Data provided:
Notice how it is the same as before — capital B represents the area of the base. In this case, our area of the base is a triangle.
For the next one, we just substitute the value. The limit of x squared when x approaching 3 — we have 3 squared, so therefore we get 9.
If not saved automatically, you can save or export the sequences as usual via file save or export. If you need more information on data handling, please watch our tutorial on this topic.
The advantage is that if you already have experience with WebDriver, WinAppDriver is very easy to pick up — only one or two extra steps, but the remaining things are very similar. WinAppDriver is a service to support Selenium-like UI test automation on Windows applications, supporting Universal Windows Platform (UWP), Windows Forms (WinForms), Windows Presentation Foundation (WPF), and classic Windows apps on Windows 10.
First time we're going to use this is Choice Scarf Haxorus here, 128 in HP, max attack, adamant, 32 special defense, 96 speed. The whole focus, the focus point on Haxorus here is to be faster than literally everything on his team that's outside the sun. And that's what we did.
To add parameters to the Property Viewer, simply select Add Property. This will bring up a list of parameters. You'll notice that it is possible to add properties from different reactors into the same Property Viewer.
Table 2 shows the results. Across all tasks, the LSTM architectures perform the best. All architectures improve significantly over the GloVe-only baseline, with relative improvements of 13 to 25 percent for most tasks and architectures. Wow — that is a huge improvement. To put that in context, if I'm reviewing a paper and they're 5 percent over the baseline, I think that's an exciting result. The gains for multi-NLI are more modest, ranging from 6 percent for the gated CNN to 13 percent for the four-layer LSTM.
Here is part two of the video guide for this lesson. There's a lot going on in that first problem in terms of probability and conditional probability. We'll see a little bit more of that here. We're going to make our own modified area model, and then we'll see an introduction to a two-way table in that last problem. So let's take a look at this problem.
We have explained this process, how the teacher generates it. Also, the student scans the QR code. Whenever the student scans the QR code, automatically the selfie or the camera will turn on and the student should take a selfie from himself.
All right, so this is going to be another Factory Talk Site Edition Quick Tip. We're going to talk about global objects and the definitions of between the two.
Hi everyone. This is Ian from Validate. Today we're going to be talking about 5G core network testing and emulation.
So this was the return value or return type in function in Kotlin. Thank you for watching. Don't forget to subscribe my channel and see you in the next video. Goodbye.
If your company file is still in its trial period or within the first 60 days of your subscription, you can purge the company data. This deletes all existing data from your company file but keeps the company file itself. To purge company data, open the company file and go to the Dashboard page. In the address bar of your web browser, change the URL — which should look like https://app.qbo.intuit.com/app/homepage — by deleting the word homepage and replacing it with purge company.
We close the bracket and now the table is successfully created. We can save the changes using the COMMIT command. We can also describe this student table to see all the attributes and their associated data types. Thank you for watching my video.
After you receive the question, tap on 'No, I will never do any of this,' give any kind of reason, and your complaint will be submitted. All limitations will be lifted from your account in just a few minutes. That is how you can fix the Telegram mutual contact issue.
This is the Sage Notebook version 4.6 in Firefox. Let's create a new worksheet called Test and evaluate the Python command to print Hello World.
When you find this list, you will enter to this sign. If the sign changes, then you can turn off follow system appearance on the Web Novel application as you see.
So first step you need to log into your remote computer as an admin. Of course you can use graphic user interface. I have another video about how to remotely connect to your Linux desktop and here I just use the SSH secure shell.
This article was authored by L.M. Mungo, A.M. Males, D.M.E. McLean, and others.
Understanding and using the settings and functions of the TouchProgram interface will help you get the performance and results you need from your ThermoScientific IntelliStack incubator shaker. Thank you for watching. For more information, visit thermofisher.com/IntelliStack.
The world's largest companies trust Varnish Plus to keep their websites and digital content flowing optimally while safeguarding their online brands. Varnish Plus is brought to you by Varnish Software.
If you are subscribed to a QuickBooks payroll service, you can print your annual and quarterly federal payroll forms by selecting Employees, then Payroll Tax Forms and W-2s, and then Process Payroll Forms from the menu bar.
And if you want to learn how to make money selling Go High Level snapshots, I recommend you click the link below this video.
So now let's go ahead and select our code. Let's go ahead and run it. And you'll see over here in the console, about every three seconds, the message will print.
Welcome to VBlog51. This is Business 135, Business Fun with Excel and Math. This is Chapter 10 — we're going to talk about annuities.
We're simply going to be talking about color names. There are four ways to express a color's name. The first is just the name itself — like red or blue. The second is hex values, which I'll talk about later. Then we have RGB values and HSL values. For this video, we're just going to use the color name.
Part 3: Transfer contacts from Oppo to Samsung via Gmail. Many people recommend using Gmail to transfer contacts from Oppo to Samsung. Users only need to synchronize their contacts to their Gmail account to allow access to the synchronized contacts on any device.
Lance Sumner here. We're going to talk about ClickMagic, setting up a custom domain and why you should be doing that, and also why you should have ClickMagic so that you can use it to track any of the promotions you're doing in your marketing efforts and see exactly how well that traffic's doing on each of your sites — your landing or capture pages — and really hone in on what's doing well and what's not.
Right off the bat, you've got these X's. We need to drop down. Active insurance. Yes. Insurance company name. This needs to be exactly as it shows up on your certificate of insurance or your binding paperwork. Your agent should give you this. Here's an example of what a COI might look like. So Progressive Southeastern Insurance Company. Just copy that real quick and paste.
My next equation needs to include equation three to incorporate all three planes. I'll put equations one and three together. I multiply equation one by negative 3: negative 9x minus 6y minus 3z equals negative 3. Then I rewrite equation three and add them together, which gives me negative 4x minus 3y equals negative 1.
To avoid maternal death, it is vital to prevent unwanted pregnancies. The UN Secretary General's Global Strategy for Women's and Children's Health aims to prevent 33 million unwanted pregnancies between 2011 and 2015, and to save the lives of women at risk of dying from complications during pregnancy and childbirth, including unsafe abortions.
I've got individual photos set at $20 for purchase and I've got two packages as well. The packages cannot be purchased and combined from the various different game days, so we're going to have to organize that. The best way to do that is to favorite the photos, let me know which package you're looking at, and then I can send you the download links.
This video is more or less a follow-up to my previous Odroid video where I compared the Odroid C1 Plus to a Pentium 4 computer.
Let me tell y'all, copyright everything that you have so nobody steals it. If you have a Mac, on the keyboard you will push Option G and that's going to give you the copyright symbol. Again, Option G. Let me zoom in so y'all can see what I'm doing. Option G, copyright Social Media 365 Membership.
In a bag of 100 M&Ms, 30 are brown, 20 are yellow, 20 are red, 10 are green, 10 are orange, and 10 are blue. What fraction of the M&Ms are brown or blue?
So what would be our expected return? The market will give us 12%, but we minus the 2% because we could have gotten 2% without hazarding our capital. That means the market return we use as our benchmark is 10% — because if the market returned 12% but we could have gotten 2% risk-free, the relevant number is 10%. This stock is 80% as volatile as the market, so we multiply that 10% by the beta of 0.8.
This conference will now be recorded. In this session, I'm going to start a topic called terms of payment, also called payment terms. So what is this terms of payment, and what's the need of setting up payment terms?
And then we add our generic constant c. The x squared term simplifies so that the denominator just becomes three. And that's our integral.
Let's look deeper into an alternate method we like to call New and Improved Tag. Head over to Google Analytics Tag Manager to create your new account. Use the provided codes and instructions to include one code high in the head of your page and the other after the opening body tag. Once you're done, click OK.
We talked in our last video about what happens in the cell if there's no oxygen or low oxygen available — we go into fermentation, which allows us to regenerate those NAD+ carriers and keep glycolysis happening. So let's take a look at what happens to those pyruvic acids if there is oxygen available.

Task: Extract exactly and only the lines above from the line containing "First time we're" through the line containing "To add parameters", both end lines included.

Answer:
First time we're going to use this is Choice Scarf Haxorus here, 128 in HP, max attack, adamant, 32 special defense, 96 speed. The whole focus, the focus point on Haxorus here is to be faster than literally everything on his team that's outside the sun. And that's what we did.
To add parameters to the Property Viewer, simply select Add Property. This will bring up a list of parameters. You'll notice that it is possible to add properties from different reactors into the same Property Viewer.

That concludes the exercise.